A frequente chegada ao sector público de gestores formados no sector privado só pode resultar no desastre a que temos assistido nas últimas décadas. Chegam ao sector público e gerem da mesma forma que geriam no privado. Serviço Público? O que é isso? O que é preciso é pôr as empresas a dar lucro ou acabar com o “prejuízo”. Gostam sempre de falar naquela curiosa teoria que compara as empresas públicas (às privadas e) a um orçamento familiar. É assim que pensam. É assim que fazem. Contam, habitualmente, com equipas de “yes-man” que dizem que sim aos senhores administradores e a todos tratam por “senhor doutor” ou “senhora doutora”. Seja qual for a administração, eles lá estão, dispostos a acenar a cabeça em sinal de aprovação, mesmo que isso signifique aprovar o absurdo. É gente que chateia quem está abaixo e dobra a espinha quando fala para cima; gente que não quer chatices, mas quer manter um lugarzinho na respectiva empresa. 

Acontece que também há quem diga “não” aos “senhores doutores”. Acontece que há quem queira mesmo as empresas públicas a prestar Serviço Público. Em regra são “encostados”. Mas também há sempre alguém muito competente que as administrações conhecem do privado e que são “indispensáveis” no público. Em regra, são bem pagos e entram “por cima” com contrato blindado. Geralmente, a tutela aplaude tudo isto. Afinal, a administração (da empresa pública) é que sabe, gosta a tutela de dizer. Todos os governos gostam a determinado momento de dizer que não interferem na administração das empresas públicas. É assim uma espécie de pin que colocam na lapela.
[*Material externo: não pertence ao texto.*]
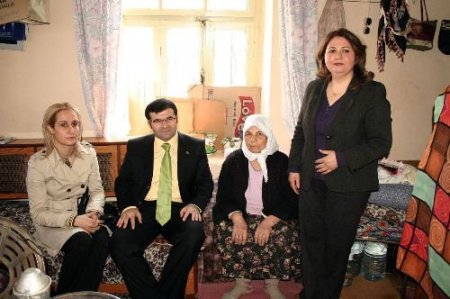 Yatağan Kaymakamı Yaşlıları Evlerinde Ziyaret Etti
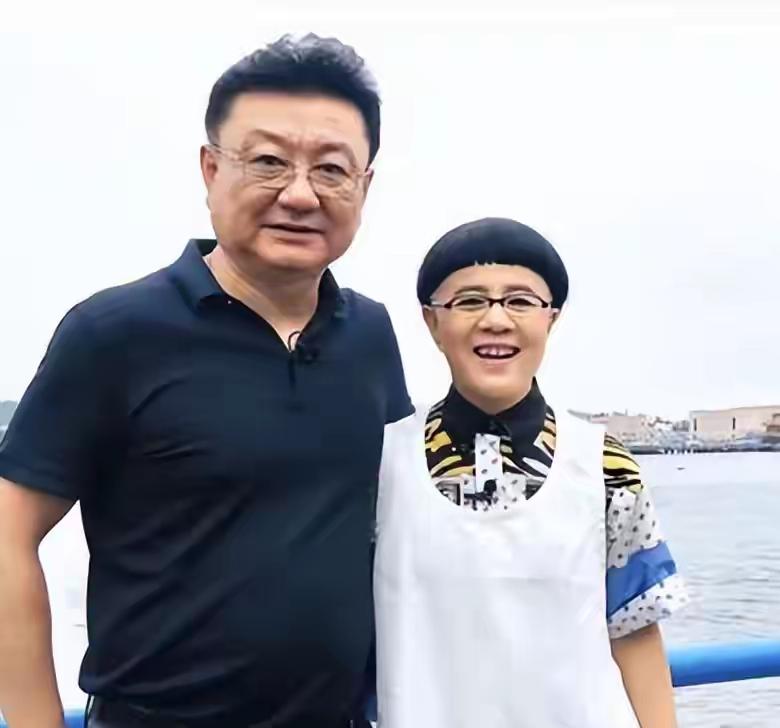 风向突然变了。

她一个字都没解释。

金龟子被退休金和直播带货骂了小半年，结果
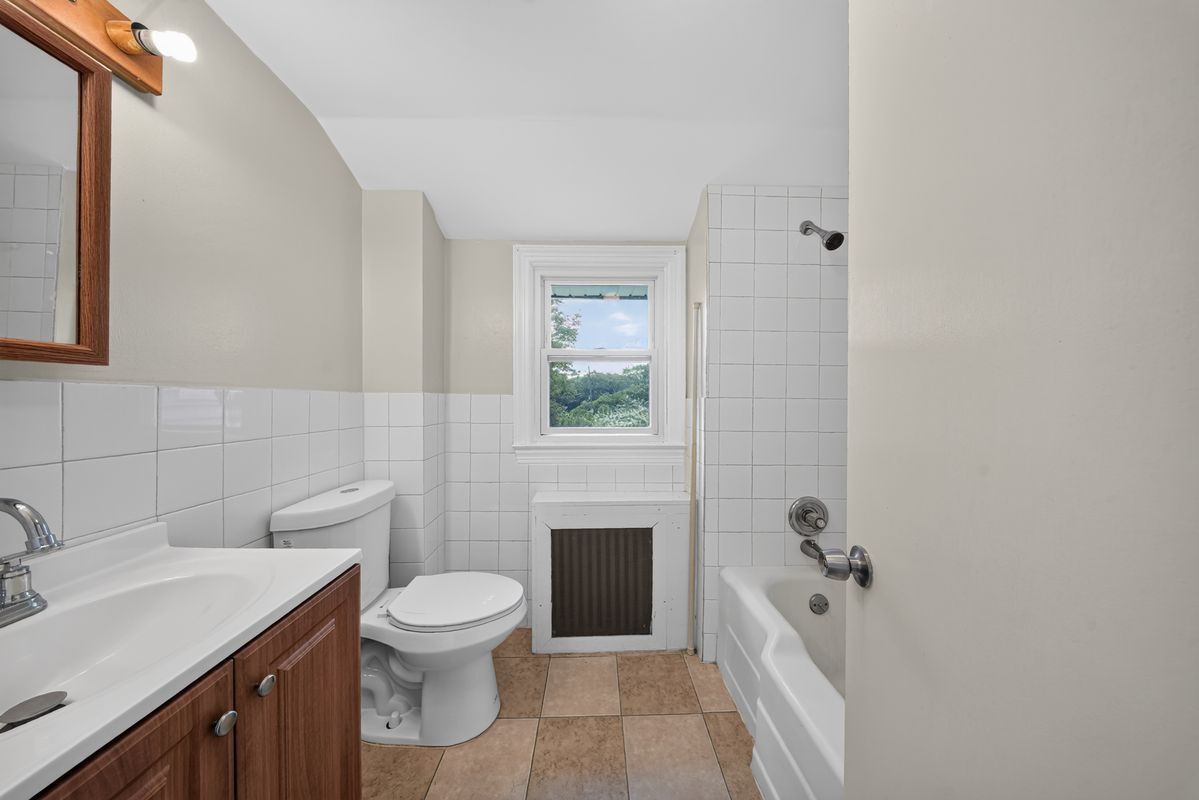 Building Photo - 53 Mohican Ave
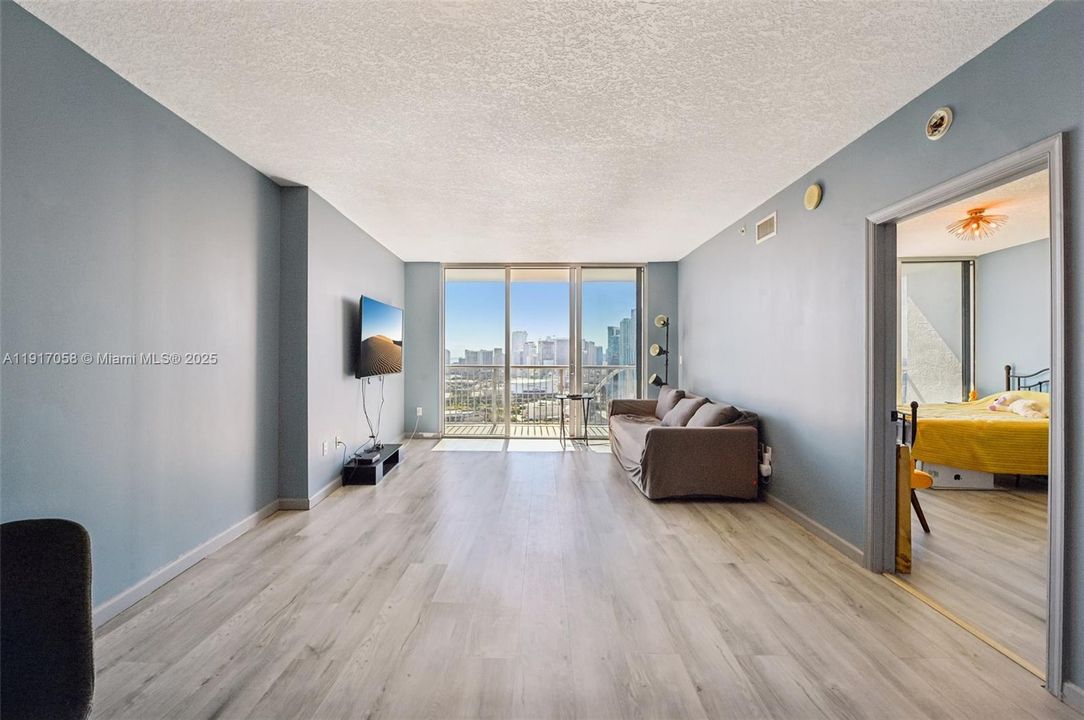 For Sale: $375,000 (1 beds, 1 baths, 821 Square Feet)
Assim estamos, assim vamos. 

Entretanto, à chegada de cada nova administração que nomeia novas direcções e respectivas cadeias de comando, é esquecida a dedicação e a competência dos que trabalham e assistem ao desfile das administrações. Cada administração que chega vem com aquela ideia da “empresa nova” (lembram-se da teoria do “homem novo”? é quase o mesmo…), o que está para trás não conta, interessa é o futuro. Como se a história das empresas e de quem nelas trabalha fosse capital a desprezar.
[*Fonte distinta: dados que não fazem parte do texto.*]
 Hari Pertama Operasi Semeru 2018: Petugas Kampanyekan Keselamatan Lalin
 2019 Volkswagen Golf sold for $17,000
Misturar a gestão de génese privada com a administração das empresas públicas é quase como pretender misturar azeite com água. Enquanto em Portugal o público e o privado não estiverem em campos bem demarcados e enquanto os muitos empreendedores de quem permanentemente se anunciam os méritos continuarem a ser chamados para as empresas públicas, aplicando os métodos de gestão características das empresas privadas, o resultado vai ser mau.

Esta casta de gestores e respectivas tutelas políticas nunca irão perceber que o eventual “prejuízo” das empresas públicas pode representar enormes ganhos sociais. Ao invés, nunca irão perceber que as contas certinhas das empresas públicas podem significar enormes prejuízos para toda a sociedade e em particular para os mais desfavorecidos e para a própria democracia.

A dança de cadeiras e interesses entre o privado e o público mata o Estado e “mata-nos” a todos. E é o Estado – somos nós – quem paga. Esta dança, que não é um tango nem uma valsa, tem com certeza um andamento fúnebre. Assim será enquanto em Portugal não existir uma “escola” de Serviço Público que dê ao sector público gestores que queiram mesmo dedicar-se ao Serviço Público e não passem por ele apenas em comissão de serviço e à espera de uma qualquer chamada que os leve de novo a uma empresa privada.